In pratica la grande differenza è: serve un lavoro formale o sostanziale? Chi dev’essere il protagonista del libro bianco, il direttivo che l’ha commissionato o la qualità esistenziale de i prigionieri da Parkinson stimolati a una vita migliore attraverso l’integrazione? Serve un libro o una presa di coscienza collettiva?

b) Secondo punto. A fronte di una spesa oggettiva di 120-130mila euro si è puntato sui 200-250mila euro. Per questo motivo, mi è stato raccontato ma non ne sono certo, è stata appositamente fondata una società, in centro Italia, cogliendo i fondi governativi stanziati per rilanciare l’imprenditoria nelle aree depresse del Paese. La mia colpa, che ora mi si rinfaccia come se fossi un personaggio squalificante, è stata di presentarmi al direttivo dell’Associazione di Parkinson, affermando chiaramente che avrei potuto svolgere la stessa ricerca partendo dal basso, dai malati anziché dall’alto, a metà prezzo rispetto quello chiesto e concludendo in 14 mesi, mobilitando l’intero Paese, ovvero tutti i prigionieri di Parkinson d’Italia.
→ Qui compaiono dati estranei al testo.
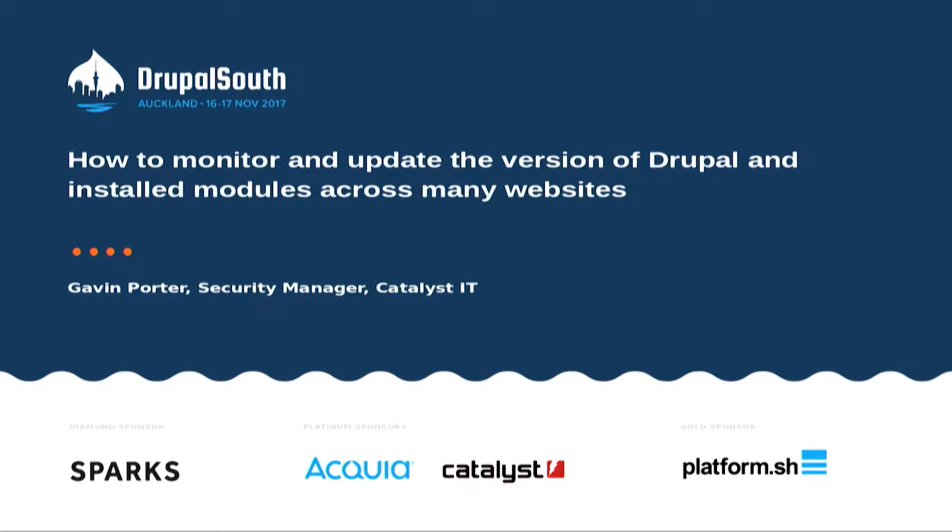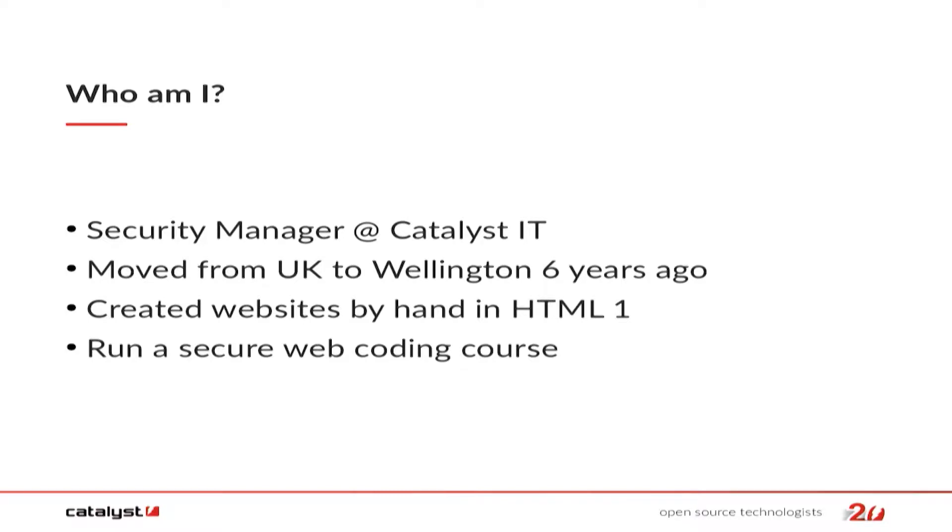I'm a security manager. A little bit of interesting background: I moved from the UK to Wellington about six years ago, so you may spot a British accent. Don't be scared, I'm still a normal person. I do like New Zealand. I've been doing web stuff for a while — the first website I did was hand-coded in HTML1. Drupal is much better than hand-coding. I've created a secure web coding course that I run at Catalyst, so I do have some idea of what's going on with secure stuff, web coding, principles, SQL injection, all that type of stuff. I just don't get into the nitty-gritty of doing the coding itself.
Anch’io sarei giunto a un Libro bianco, ma non come unico prodotto da vetrina per esporlo alla stampa, bensì come sottoprodotto di un grande lavoro di comunità, addestrando i singoli prigionieri per collaborare con altri prigionieri, cercando le domande giuste ottenendo il corretto quadro d’insieme. Come minimo, qui mi ripeto, almeno 20/25mila persone, i prigionieri da Parkinson coinvolti.
A questo punto rivolgo io una domanda a tutti: criticatemi perchè posso essere un visionario, un teorico, che il mio modo di vedere le cose non conduce a nulla perchè comunque si è destinati a morte e non importa la qualità della vita vissuta benché malati, ma perchè mancarmi di rispetto? Possibile che solo avere idee diverse giustifica a dei teppisti (in realtà malati nel senso completo del termine) l’offesa verso di me e che questa non produca un’immediata reazione da parte degli altri per isolarli e azzittirli? Ma siamo nel Far West? Dove le più elementari regole della civiltà? Che forse il Parkinson è stato così forte da spegnere anche la civiltà? Io non lo credo, penso a un mondo migliore per tutti i prigionieri da Parkinson.
Con insistenza mi si accusa d’essere impreparato e concordo su questo punto di vista, è vero. Potevo studiare di più nella vita. Ho solo 4 lauree e appena 3 libri tra pubblicati e in corso di stampa nel 2015. Chiedo scusa a tutti, avrei dovuto studiare di più, insegnare di più, scrivere di più però mi sto organizzando e imparando dagli stessi i prigionieri da Parkinson che mi allevano, addestrano e aiutano a vivere di più, capire di più ed essere di più. Tutto qui. Possiamo ora mettere da parte la non civiltà e iniziare a ragionare? Auguriamoci buon lavoro!
Giovanni Carlini un ignorante che impara.